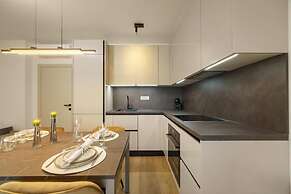 Apartments Bila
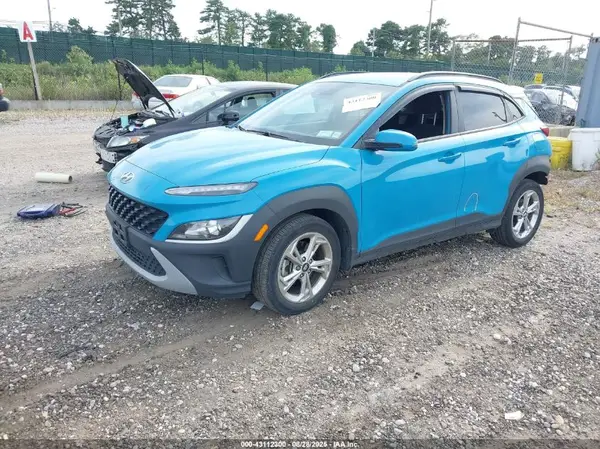 KM8K6CAB9NU878823 2022 HYUNDAI KONA - Image 2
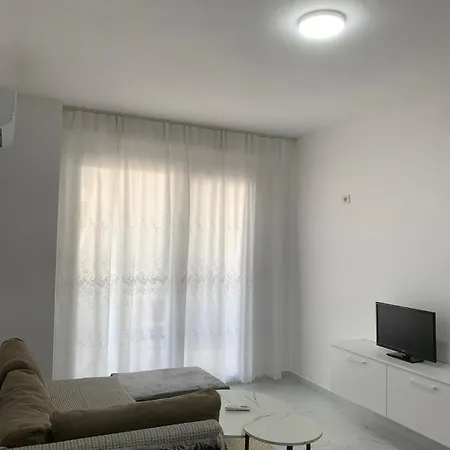 Casa Coral - * Shëngjin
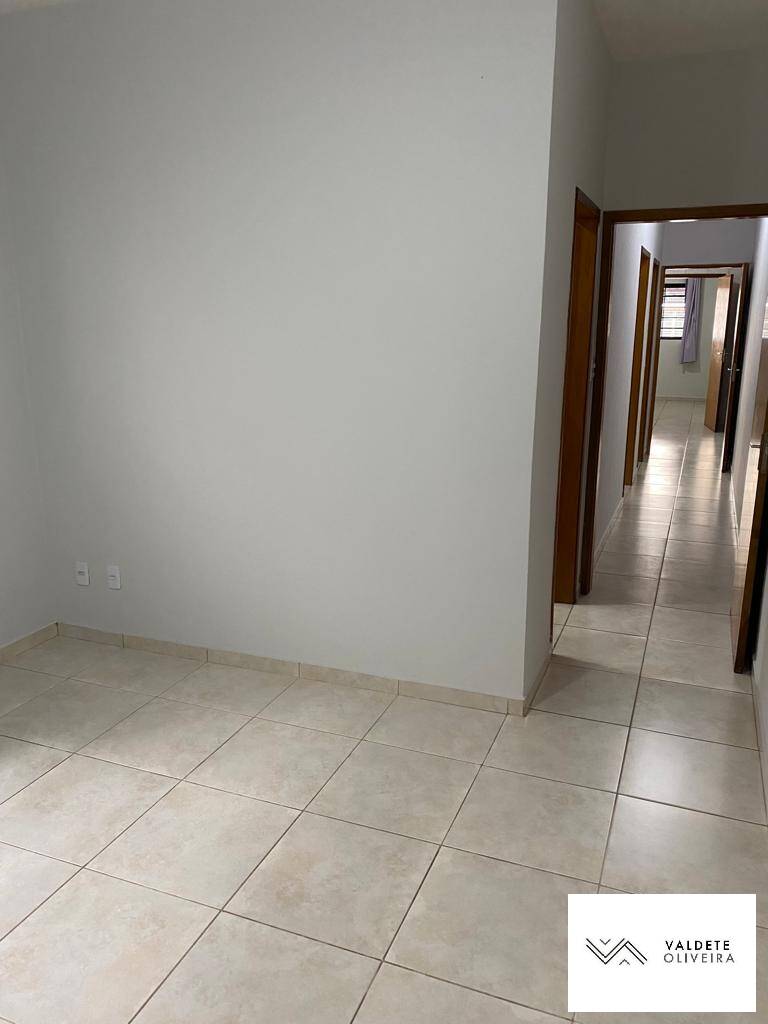 Casa à venda com 2 quartos, 120m² - Foto 7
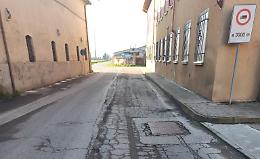 Il Comune si &lsquo;ribella&rsquo; alle buche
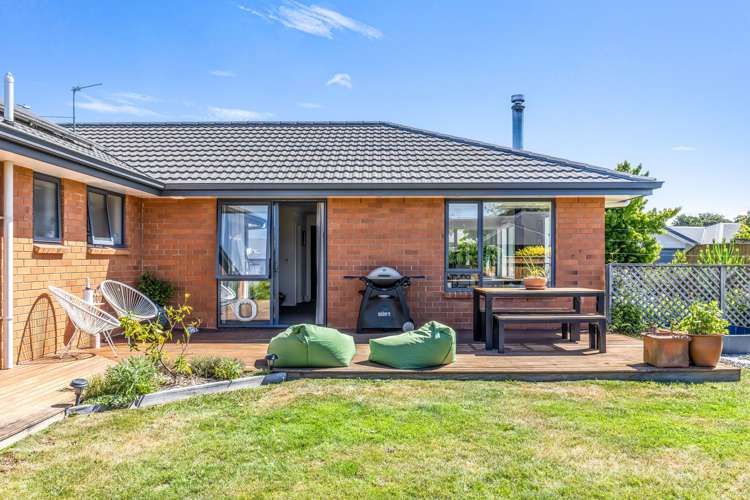 4 Ernest Place Brightwater_17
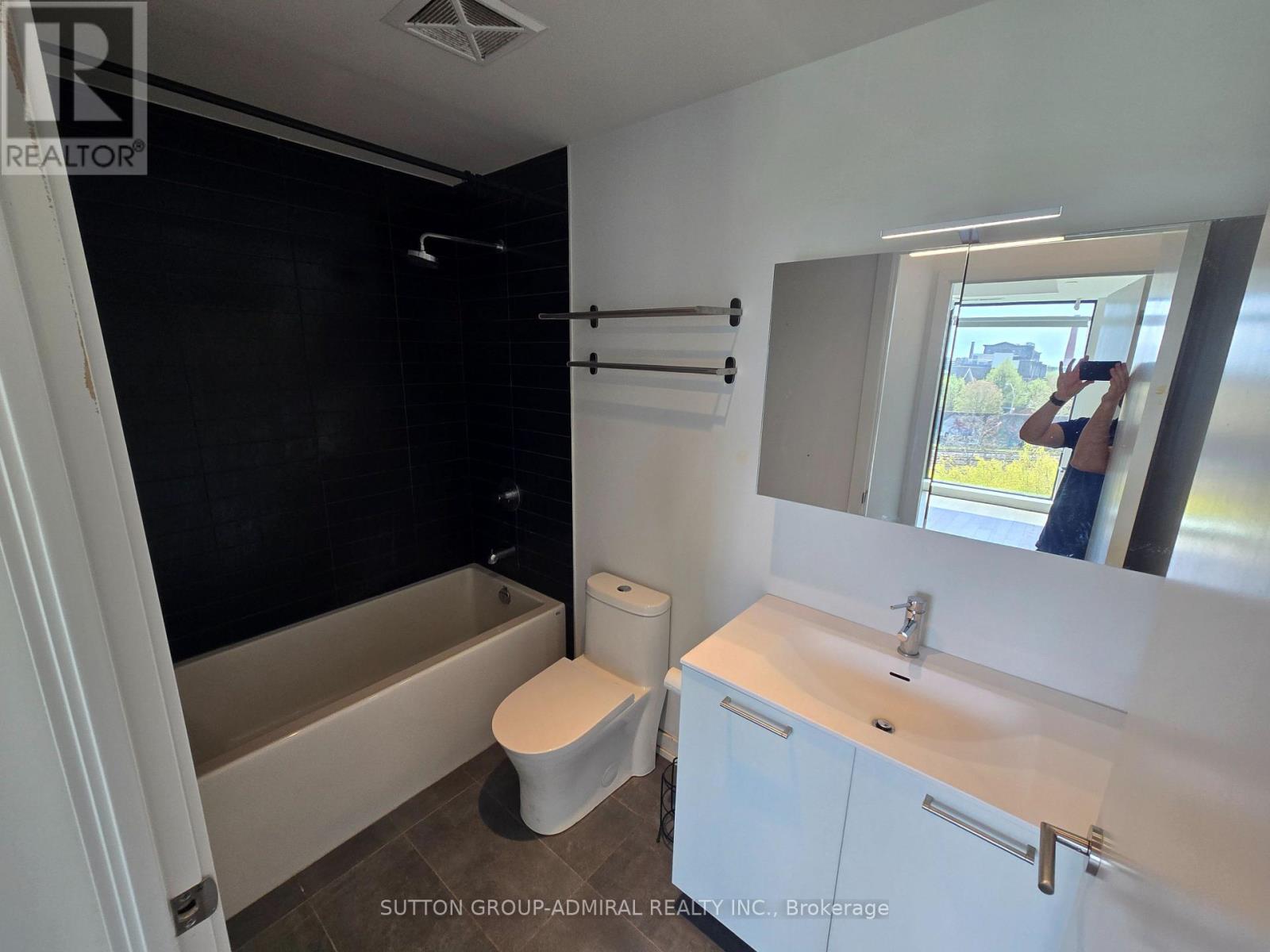 402 - 200 Sudbury Street, Toronto, Ontario M6J 0H1 - Photo 13 - C13156388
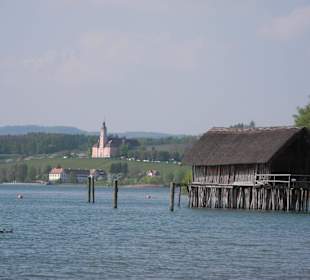 Der See mit der Wallfahrtskirche Birnau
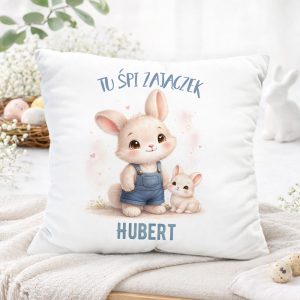 Poduszka z ilustracją dwóch króliczków, jeden w niebieskich ogrodniczkach, a drugi mniejszy obok, z imieniem i napisem "TU ŚPI ZAJĄCZEK".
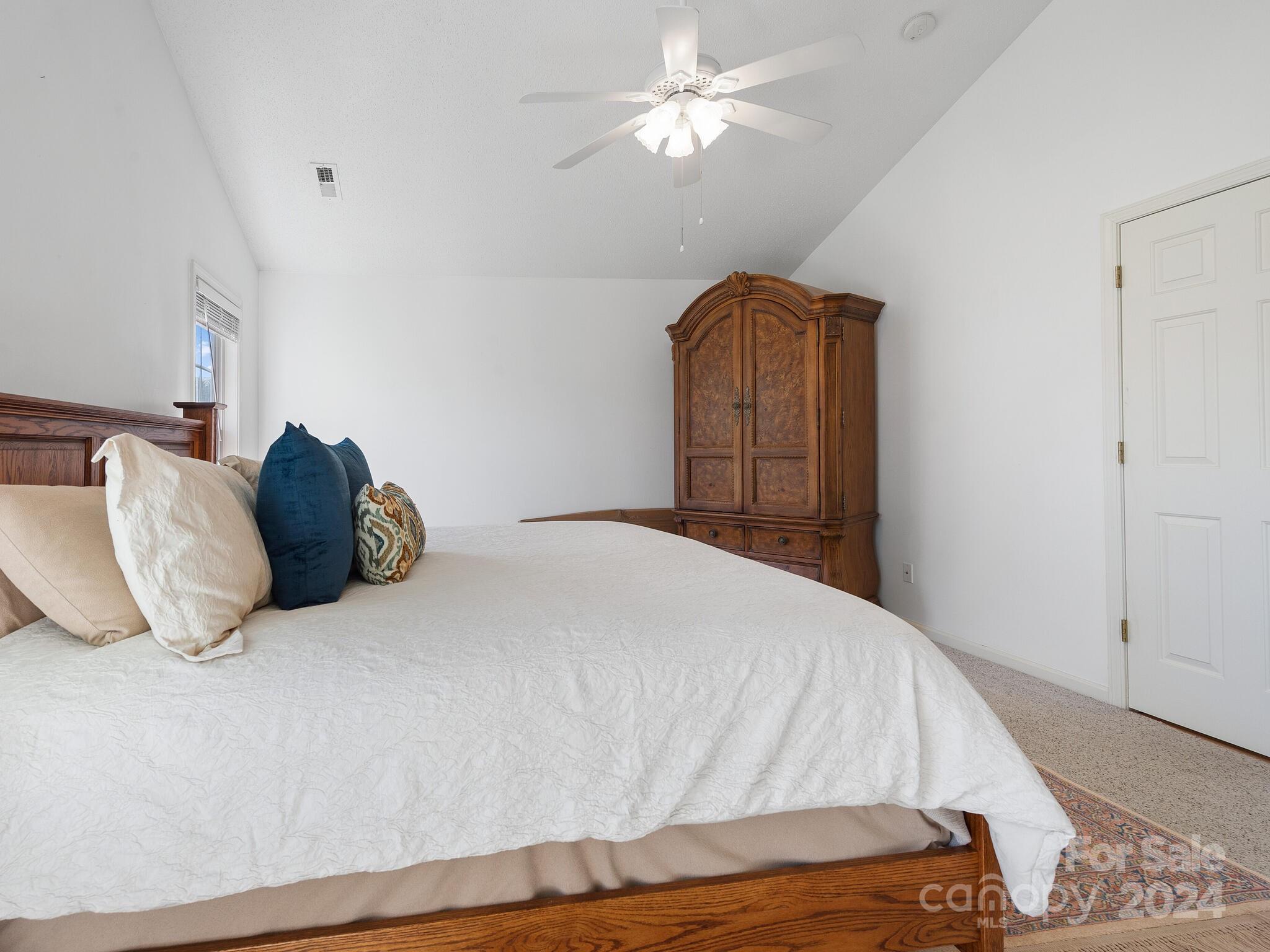 84 Misty Valley Road Fletcher, NC 28732 - Photo 18 of 34 Gallery Image 18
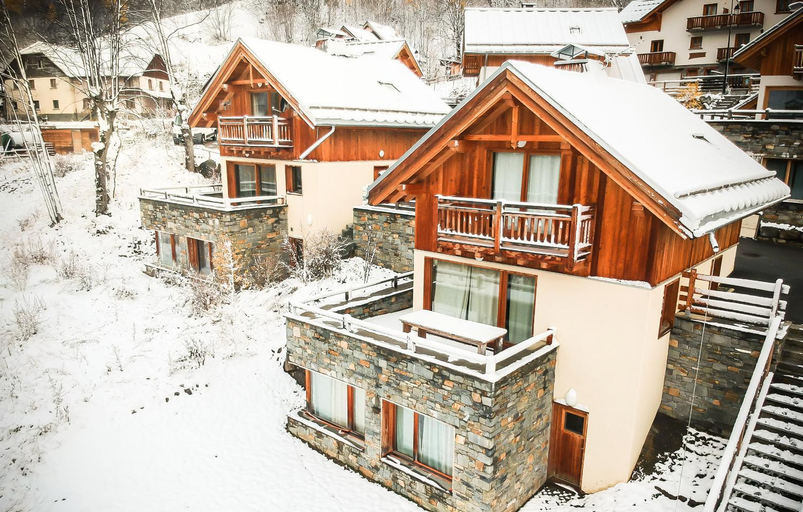 Entrance 2, Odalys Chalet Le Mas des Neiges, Savoie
▬▬▬▬▬▬▬▬▬▬
Recopy the whole listing above precisely, excluding images.

 Apartments Bila
 KM8K6CAB9NU878823 2022 HYUNDAI KONA - Image 2
 Casa Coral - * Shëngjin
 Casa à venda com 2 quartos, 120m² - Foto 7
 Il Comune si &lsquo;ribella&rsquo; alle buche
 4 Ernest Place Brightwater_17
 402 - 200 Sudbury Street, Toronto, Ontario M6J 0H1 - Photo 13 - C13156388
 Der See mit der Wallfahrtskirche Birnau
 Poduszka z ilustracją dwóch króliczków, jeden w niebieskich ogrodniczkach, a drugi mniejszy obok, z imieniem i napisem "TU ŚPI ZAJĄCZEK".
 84 Misty Valley Road Fletcher, NC 28732 - Photo 18 of 34 Gallery Image 18
 Entrance 2, Odalys Chalet Le Mas des Neiges, Savoie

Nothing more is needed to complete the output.